━━━ RECORD SET ━━━

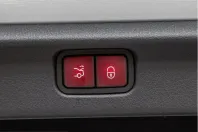 Mercedes-Benz EQE (Clasa E) din 2024 cu 27.648 km - oferta MER247390 - foto 8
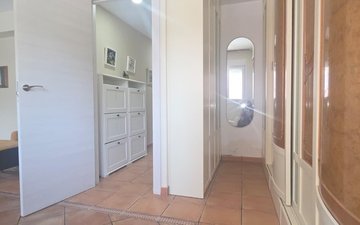 Property slide 21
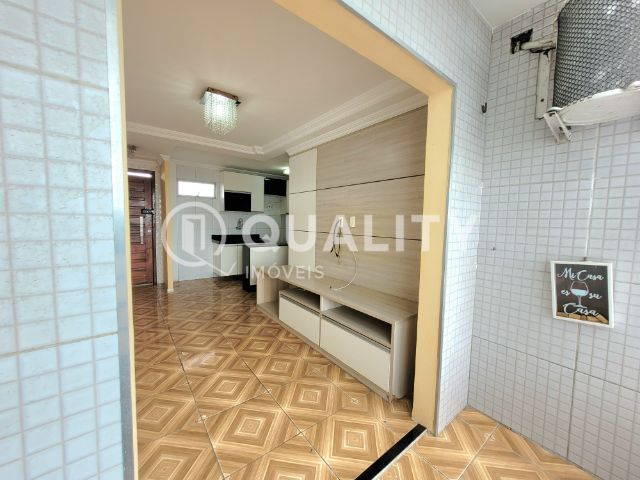 Apartamento 3 quartos e 2 banheiros, à venda, no bairro São Gerardo em Fortaleza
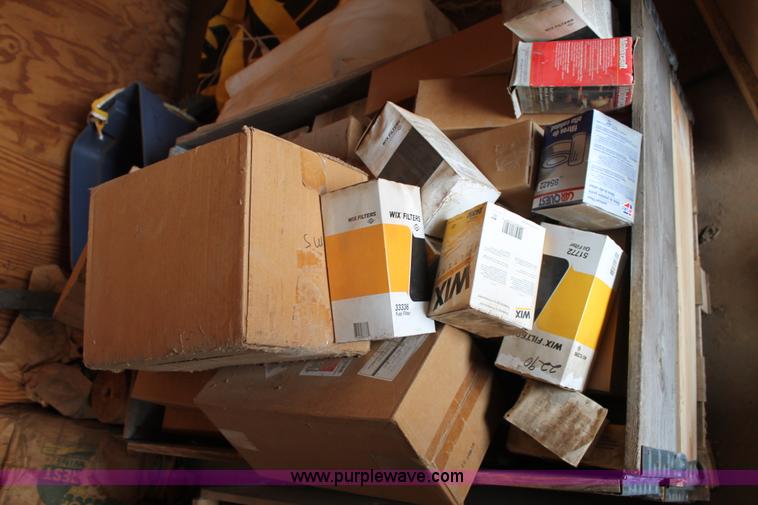 image for item J1433 Assorted parts and tools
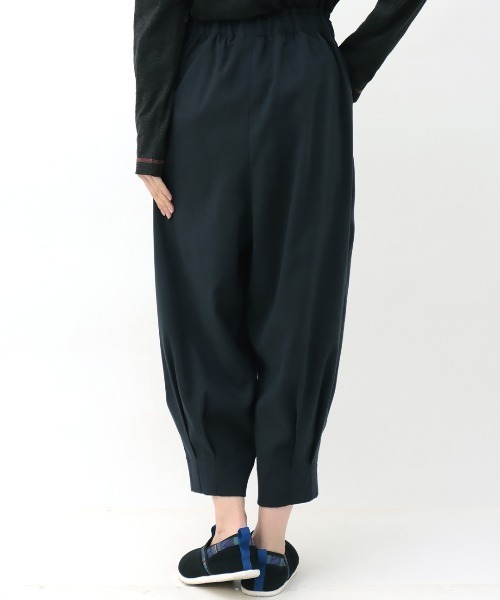 チチカカ（チチカカ）の「ピーチスキンエッグタックパンツ（その他パンツ・レディース・ベージュ/アイボリー/カーキ/ネイビー/オリーブ/グリーン/ボルドー/マスタード・LARGE/MEDIUM）」の21枚目の写真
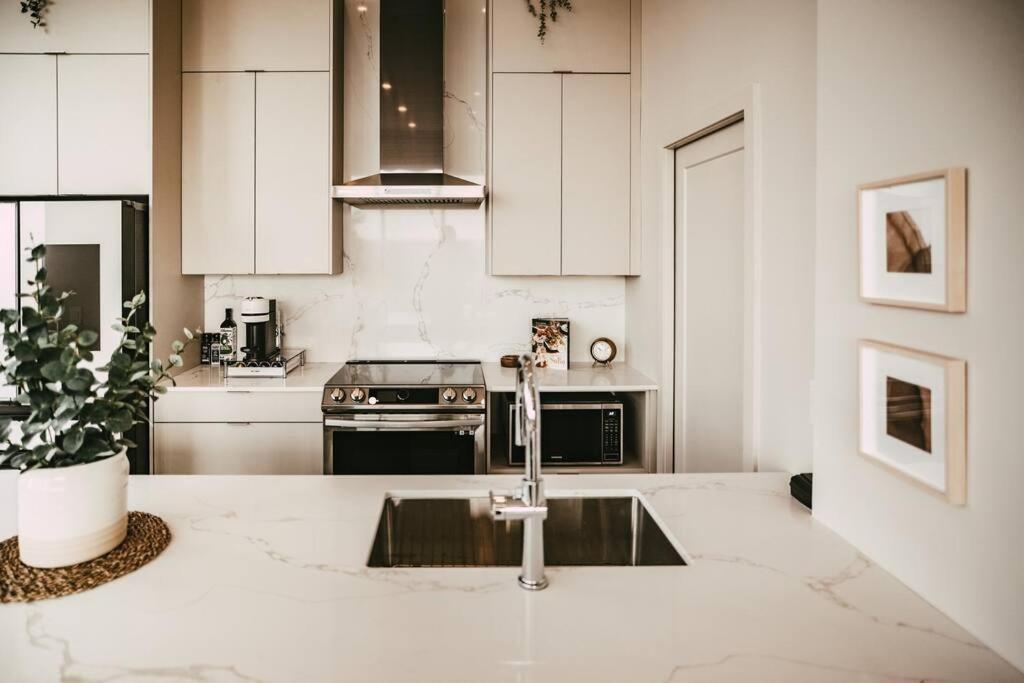 New Luxury 2Br Penthouse Apt In Central Χάλιφαξ Εξωτερικό φωτογραφία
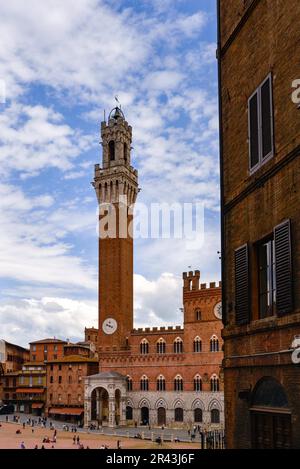 SIENNA, TOSKANA, ITALIEN - MAI 18 : Turm von Mangia in Sienna, Toskana, Italien am 18. Mai 2013. Nicht identifizierte Personen Stockfoto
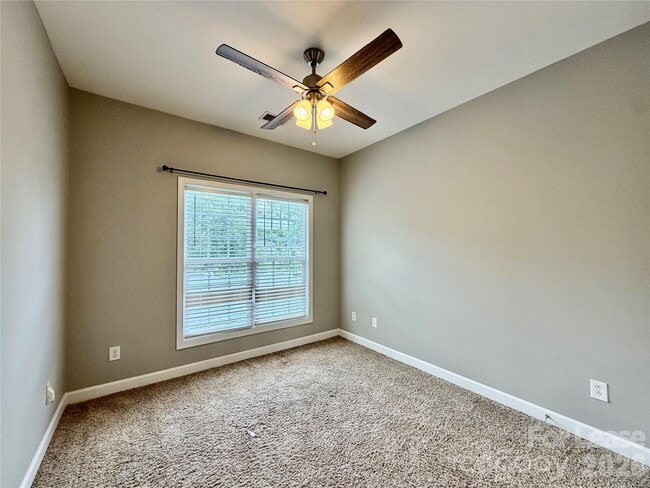 Building Photo - 10560 Rocky Ford Club Rd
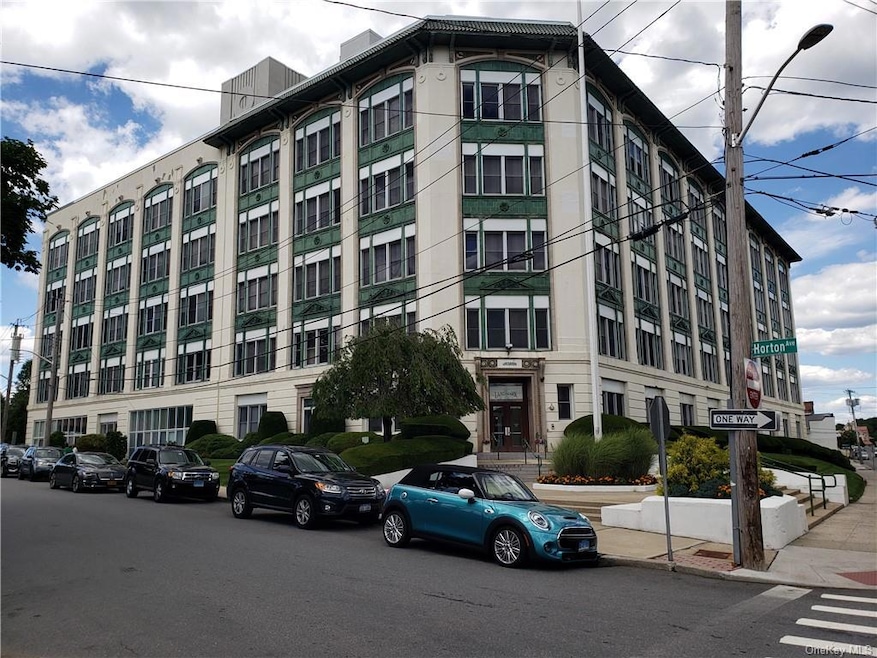 Sold $275,000 • Co-Listing Agent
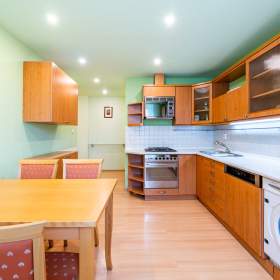 Prodej bytu 2+1, 56 m2 + 9 m2 sklad, ul. Dvouletky, Praha 10 -  Strašnice / 19530720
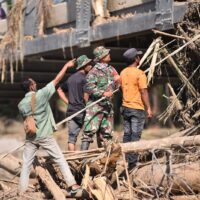 Akses Terputus, Kodam IM Gunakan Tali Kirim Bantuan ke Daerah Terisolir di Bireuen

━━━

YOUR ASSIGNMENT >> Your response should consist solely of the lines from the line with "Property slide 21" through the last line of the entries above, printed exactly and without pictures.

ANSWER FOR THE TASK >>
 Property slide 21
 Apartamento 3 quartos e 2 banheiros, à venda, no bairro São Gerardo em Fortaleza
 image for item J1433 Assorted parts and tools
 チチカカ（チチカカ）の「ピーチスキンエッグタックパンツ（その他パンツ・レディース・ベージュ/アイボリー/カーキ/ネイビー/オリーブ/グリーン/ボルドー/マスタード・LARGE/MEDIUM）」の21枚目の写真
 New Luxury 2Br Penthouse Apt In Central Χάλιφαξ Εξωτερικό φωτογραφία
 SIENNA, TOSKANA, ITALIEN - MAI 18 : Turm von Mangia in Sienna, Toskana, Italien am 18. Mai 2013. Nicht identifizierte Personen Stockfoto
 Building Photo - 10560 Rocky Ford Club Rd
 Sold $275,000 • Co-Listing Agent
 Prodej bytu 2+1, 56 m2 + 9 m2 sklad, ul. Dvouletky, Praha 10 -  Strašnice / 19530720
 Akses Terputus, Kodam IM Gunakan Tali Kirim Bantuan ke Daerah Terisolir di Bireuen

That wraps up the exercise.